[Source data]

____

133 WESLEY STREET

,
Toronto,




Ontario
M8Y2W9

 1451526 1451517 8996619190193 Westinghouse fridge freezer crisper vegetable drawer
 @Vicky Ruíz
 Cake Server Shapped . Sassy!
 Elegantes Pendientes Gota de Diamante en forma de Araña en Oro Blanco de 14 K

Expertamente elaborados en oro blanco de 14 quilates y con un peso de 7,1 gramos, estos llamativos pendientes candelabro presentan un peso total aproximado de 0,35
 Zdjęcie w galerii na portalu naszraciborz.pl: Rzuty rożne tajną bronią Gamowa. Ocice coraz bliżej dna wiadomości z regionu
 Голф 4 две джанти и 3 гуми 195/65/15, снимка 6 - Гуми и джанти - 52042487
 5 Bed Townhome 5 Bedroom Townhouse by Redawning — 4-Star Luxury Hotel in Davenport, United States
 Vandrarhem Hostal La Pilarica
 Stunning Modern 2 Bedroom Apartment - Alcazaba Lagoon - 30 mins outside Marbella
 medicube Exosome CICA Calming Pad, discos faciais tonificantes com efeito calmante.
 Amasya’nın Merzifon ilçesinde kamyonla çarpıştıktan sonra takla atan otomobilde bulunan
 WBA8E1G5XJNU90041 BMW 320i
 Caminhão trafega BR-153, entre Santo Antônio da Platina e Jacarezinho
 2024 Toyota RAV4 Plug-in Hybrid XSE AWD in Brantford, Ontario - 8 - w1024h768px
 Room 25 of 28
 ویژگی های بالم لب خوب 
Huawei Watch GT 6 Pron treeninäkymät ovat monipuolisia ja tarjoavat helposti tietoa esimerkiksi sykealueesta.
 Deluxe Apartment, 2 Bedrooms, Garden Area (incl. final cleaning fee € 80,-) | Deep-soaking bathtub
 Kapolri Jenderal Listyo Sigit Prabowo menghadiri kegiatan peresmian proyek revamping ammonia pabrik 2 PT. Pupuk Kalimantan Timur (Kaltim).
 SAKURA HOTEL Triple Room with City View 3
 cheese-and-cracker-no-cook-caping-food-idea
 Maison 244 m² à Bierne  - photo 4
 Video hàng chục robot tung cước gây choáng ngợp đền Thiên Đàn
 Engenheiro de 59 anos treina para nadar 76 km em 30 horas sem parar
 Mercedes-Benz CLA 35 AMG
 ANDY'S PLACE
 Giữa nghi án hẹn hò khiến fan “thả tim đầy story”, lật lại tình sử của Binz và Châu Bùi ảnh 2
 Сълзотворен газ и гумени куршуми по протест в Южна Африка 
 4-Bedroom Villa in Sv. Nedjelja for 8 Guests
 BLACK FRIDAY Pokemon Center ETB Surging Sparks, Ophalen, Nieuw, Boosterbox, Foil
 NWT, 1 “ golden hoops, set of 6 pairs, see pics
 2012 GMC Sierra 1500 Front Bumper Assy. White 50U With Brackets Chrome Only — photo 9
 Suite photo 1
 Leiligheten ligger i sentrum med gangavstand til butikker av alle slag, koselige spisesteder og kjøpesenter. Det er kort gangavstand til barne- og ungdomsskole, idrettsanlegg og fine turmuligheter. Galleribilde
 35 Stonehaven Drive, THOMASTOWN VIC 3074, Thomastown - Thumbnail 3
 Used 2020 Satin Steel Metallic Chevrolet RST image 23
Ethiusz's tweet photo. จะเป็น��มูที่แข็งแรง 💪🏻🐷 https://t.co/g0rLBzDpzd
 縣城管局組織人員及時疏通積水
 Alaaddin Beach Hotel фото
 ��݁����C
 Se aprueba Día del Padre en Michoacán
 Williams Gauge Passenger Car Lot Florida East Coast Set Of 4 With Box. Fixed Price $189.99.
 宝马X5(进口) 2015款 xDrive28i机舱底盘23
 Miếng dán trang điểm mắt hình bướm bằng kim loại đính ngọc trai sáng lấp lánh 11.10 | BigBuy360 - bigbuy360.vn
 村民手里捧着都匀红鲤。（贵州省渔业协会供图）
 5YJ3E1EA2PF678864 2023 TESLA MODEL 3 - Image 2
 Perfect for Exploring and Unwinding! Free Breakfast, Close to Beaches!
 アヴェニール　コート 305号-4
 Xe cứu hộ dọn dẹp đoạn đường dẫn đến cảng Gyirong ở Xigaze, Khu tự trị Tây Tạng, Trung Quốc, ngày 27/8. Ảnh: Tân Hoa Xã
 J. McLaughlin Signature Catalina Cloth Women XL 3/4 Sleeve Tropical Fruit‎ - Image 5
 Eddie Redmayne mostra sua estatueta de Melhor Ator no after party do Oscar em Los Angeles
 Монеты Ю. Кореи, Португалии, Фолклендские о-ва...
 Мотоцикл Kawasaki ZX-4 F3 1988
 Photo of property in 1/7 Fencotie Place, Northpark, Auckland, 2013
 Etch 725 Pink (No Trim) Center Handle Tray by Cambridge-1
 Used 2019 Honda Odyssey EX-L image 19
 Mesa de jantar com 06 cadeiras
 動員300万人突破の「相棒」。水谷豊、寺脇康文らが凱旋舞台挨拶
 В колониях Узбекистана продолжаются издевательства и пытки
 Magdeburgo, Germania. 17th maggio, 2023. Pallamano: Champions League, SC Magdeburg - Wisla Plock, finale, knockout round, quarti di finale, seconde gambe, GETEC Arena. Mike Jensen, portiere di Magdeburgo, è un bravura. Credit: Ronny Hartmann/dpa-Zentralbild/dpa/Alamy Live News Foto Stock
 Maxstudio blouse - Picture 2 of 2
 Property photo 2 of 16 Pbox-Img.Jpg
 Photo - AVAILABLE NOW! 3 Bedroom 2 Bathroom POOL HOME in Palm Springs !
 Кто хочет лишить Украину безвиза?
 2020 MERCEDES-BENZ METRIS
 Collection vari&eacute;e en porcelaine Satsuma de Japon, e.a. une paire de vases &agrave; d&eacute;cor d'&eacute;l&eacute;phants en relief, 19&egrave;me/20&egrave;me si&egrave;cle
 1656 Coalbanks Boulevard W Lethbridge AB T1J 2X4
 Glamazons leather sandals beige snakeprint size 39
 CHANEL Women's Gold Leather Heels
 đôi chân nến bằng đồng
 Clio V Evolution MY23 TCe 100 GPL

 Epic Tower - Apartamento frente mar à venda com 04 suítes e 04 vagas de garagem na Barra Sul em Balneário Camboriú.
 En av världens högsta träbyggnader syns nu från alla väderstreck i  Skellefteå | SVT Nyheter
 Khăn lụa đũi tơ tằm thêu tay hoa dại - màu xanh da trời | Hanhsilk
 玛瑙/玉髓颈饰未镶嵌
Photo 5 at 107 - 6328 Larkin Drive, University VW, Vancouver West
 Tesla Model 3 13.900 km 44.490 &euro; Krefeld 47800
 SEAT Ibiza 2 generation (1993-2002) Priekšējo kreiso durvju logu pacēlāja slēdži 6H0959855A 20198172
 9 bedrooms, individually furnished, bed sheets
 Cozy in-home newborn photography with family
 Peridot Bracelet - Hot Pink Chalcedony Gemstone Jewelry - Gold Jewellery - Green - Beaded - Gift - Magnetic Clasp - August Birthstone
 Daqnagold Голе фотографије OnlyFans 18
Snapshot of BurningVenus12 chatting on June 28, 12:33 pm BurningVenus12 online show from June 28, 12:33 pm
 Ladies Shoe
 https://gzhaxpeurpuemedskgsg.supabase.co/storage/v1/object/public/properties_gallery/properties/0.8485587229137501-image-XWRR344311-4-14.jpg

____

→ Exercise brief
All the records shown above need to be given again exactly.

→ Task result
133 WESLEY STREET

,
Toronto,




Ontario
M8Y2W9

 1451526 1451517 8996619190193 Westinghouse fridge freezer crisper vegetable drawer
 @Vicky Ruíz
 Cake Server Shapped . Sassy!
 Elegantes Pendientes Gota de Diamante en forma de Araña en Oro Blanco de 14 K

Expertamente elaborados en oro blanco de 14 quilates y con un peso de 7,1 gramos, estos llamativos pendientes candelabro presentan un peso total aproximado de 0,35
 Zdjęcie w galerii na portalu naszraciborz.pl: Rzuty rożne tajną bronią Gamowa. Ocice coraz bliżej dna wiadomości z regionu
 Голф 4 две джанти и 3 гуми 195/65/15, снимка 6 - Гуми и джанти - 52042487
 5 Bed Townhome 5 Bedroom Townhouse by Redawning — 4-Star Luxury Hotel in Davenport, United States
 Vandrarhem Hostal La Pilarica
 Stunning Modern 2 Bedroom Apartment - Alcazaba Lagoon - 30 mins outside Marbella
 medicube Exosome CICA Calming Pad, discos faciais tonificantes com efeito calmante.
 Amasya’nın Merzifon ilçesinde kamyonla çarpıştıktan sonra takla atan otomobilde bulunan
 WBA8E1G5XJNU90041 BMW 320i
 Caminhão trafega BR-153, entre Santo Antônio da Platina e Jacarezinho
 2024 Toyota RAV4 Plug-in Hybrid XSE AWD in Brantford, Ontario - 8 - w1024h768px
 Room 25 of 28
 ویژگی های بالم لب خوب 
Huawei Watch GT 6 Pron treeninäkymät ovat monipuolisia ja tarjoavat helposti tietoa esimerkiksi sykealueesta.
 Deluxe Apartment, 2 Bedrooms, Garden Area (incl. final cleaning fee € 80,-) | Deep-soaking bathtub
 Kapolri Jenderal Listyo Sigit Prabowo menghadiri kegiatan peresmian proyek revamping ammonia pabrik 2 PT. Pupuk Kalimantan Timur (Kaltim).
 SAKURA HOTEL Triple Room with City View 3
 cheese-and-cracker-no-cook-caping-food-idea
 Maison 244 m² à Bierne  - photo 4
 Video hàng chục robot tung cước gây choáng ngợp đền Thiên Đàn
 Engenheiro de 59 anos treina para nadar 76 km em 30 horas sem parar
 Mercedes-Benz CLA 35 AMG
 ANDY'S PLACE
 Giữa nghi án hẹn hò khiến fan “thả tim đầy story”, lật lại tình sử của Binz và Châu Bùi ảnh 2
 Сълзотворен газ и гумени куршуми по протест в Южна Африка 
 4-Bedroom Villa in Sv. Nedjelja for 8 Guests
 BLACK FRIDAY Pokemon Center ETB Surging Sparks, Ophalen, Nieuw, Boosterbox, Foil
 NWT, 1 “ golden hoops, set of 6 pairs, see pics
 2012 GMC Sierra 1500 Front Bumper Assy. White 50U With Brackets Chrome Only — photo 9
 Suite photo 1
 Leiligheten ligger i sentrum med gangavstand til butikker av alle slag, koselige spisesteder og kjøpesenter. Det er kort gangavstand til barne- og ungdomsskole, idrettsanlegg og fine turmuligheter. Galleribilde
 35 Stonehaven Drive, THOMASTOWN VIC 3074, Thomastown - Thumbnail 3
 Used 2020 Satin Steel Metallic Chevrolet RST image 23
Ethiusz's tweet photo. จะเป็น��มูที่แข็งแรง 💪🏻🐷 https://t.co/g0rLBzDpzd
 縣城管局組織人員及時疏通積水
 Alaaddin Beach Hotel фото
 ��݁����C
 Se aprueba Día del Padre en Michoacán
 Williams Gauge Passenger Car Lot Florida East Coast Set Of 4 With Box. Fixed Price $189.99.
 宝马X5(进口) 2015款 xDrive28i机舱底盘23
 Miếng dán trang điểm mắt hình bướm bằng kim loại đính ngọc trai sáng lấp lánh 11.10 | BigBuy360 - bigbuy360.vn
 村民手里捧着都匀红鲤。（贵州省渔业协会供图）
 5YJ3E1EA2PF678864 2023 TESLA MODEL 3 - Image 2
 Perfect for Exploring and Unwinding! Free Breakfast, Close to Beaches!
 アヴェニール　コート 305号-4
 Xe cứu hộ dọn dẹp đoạn đường dẫn đến cảng Gyirong ở Xigaze, Khu tự trị Tây Tạng, Trung Quốc, ngày 27/8. Ảnh: Tân Hoa Xã
 J. McLaughlin Signature Catalina Cloth Women XL 3/4 Sleeve Tropical Fruit‎ - Image 5
 Eddie Redmayne mostra sua estatueta de Melhor Ator no after party do Oscar em Los Angeles
 Монеты Ю. Кореи, Португалии, Фолклендские о-ва...
 Мотоцикл Kawasaki ZX-4 F3 1988
 Photo of property in 1/7 Fencotie Place, Northpark, Auckland, 2013
 Etch 725 Pink (No Trim) Center Handle Tray by Cambridge-1
 Used 2019 Honda Odyssey EX-L image 19
 Mesa de jantar com 06 cadeiras
 動員300万人突破の「相棒」。水谷豊、寺脇康文らが凱旋舞台挨拶
 В колониях Узбекистана продолжаются издевательства и пытки
 Magdeburgo, Germania. 17th maggio, 2023. Pallamano: Champions League, SC Magdeburg - Wisla Plock, finale, knockout round, quarti di finale, seconde gambe, GETEC Arena. Mike Jensen, portiere di Magdeburgo, è un bravura. Credit: Ronny Hartmann/dpa-Zentralbild/dpa/Alamy Live News Foto Stock
 Maxstudio blouse - Picture 2 of 2
 Property photo 2 of 16 Pbox-Img.Jpg
 Photo - AVAILABLE NOW! 3 Bedroom 2 Bathroom POOL HOME in Palm Springs !
 Кто хочет лишить Украину безвиза?
 2020 MERCEDES-BENZ METRIS
 Collection vari&eacute;e en porcelaine Satsuma de Japon, e.a. une paire de vases &agrave; d&eacute;cor d'&eacute;l&eacute;phants en relief, 19&egrave;me/20&egrave;me si&egrave;cle
 1656 Coalbanks Boulevard W Lethbridge AB T1J 2X4
 Glamazons leather sandals beige snakeprint size 39
 CHANEL Women's Gold Leather Heels
 đôi chân nến bằng đồng
 Clio V Evolution MY23 TCe 100 GPL

 Epic Tower - Apartamento frente mar à venda com 04 suítes e 04 vagas de garagem na Barra Sul em Balneário Camboriú.
 En av världens högsta träbyggnader syns nu från alla väderstreck i  Skellefteå | SVT Nyheter
 Khăn lụa đũi tơ tằm thêu tay hoa dại - màu xanh da trời | Hanhsilk
 玛瑙/玉髓颈饰未镶嵌
Photo 5 at 107 - 6328 Larkin Drive, University VW, Vancouver West
 Tesla Model 3 13.900 km 44.490 &euro; Krefeld 47800
 SEAT Ibiza 2 generation (1993-2002) Priekšējo kreiso durvju logu pacēlāja slēdži 6H0959855A 20198172
 9 bedrooms, individually furnished, bed sheets
 Cozy in-home newborn photography with family
 Peridot Bracelet - Hot Pink Chalcedony Gemstone Jewelry - Gold Jewellery - Green - Beaded - Gift - Magnetic Clasp - August Birthstone
 Daqnagold Голе фотографије OnlyFans 18
Snapshot of BurningVenus12 chatting on June 28, 12:33 pm BurningVenus12 online show from June 28, 12:33 pm
 Ladies Shoe
 https://gzhaxpeurpuemedskgsg.supabase.co/storage/v1/object/public/properties_gallery/properties/0.8485587229137501-image-XWRR344311-4-14.jpg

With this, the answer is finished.